China can help cricket get Olympic status - ACC chief
"China's standing as the world's leading sporting nation can play a major role in influencing future Olympic rosters," Huq was quoted as saying by the Associated Press of Pakistan. He said China's say could help cricket's chances of making it to Olympics and that's why the game needed to be developed in the country. "I don't know if cricket can make it into the London Olympics in 2012, where it could have demonstration status, but maybe the one after that."
Huq indicated that although over 100 countries played the sport, the participation of a major nation like China could help it qualify as a truly global sport. He felt cricket's debut at the 2010 Guangzhou Asian Games could be an opportunity to popularise the game in China.
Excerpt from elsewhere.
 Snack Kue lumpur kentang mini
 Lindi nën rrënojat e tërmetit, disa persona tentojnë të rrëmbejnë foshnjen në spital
He expressed confidence over the game's progress in Asia. "Eventually cricket will become the biggest game in the Asian Games - the number one, because it is seen by the most and it is followed by the most," he said.
Huq, who visited Guangzhou to see the cricket facilities being developed for the Asian Games, also praised the Pakistan Cricket Board for its assistance in promoting the game in China.
Meanwhile, Malcolm Speed, the chief executive of the International Cricket Council, indicated cricket's ambitions of making it to the Olympics on a visit to India. "The ICC is in the process of seeking membership of the IOC [International Olympic Committee] which will be completed by this year and the long-term objective is to have cricket in Olympics," he told AFP. With the Twenty20 World Championship to be held September, Speed also suggested that the format would be the ideal one for the Olympics.
Cricket has been played only once at the Olympics, in 1900, though only one match was played, between England and France. Cricket also featured in the 1998 Commonwealth games in Malaysia.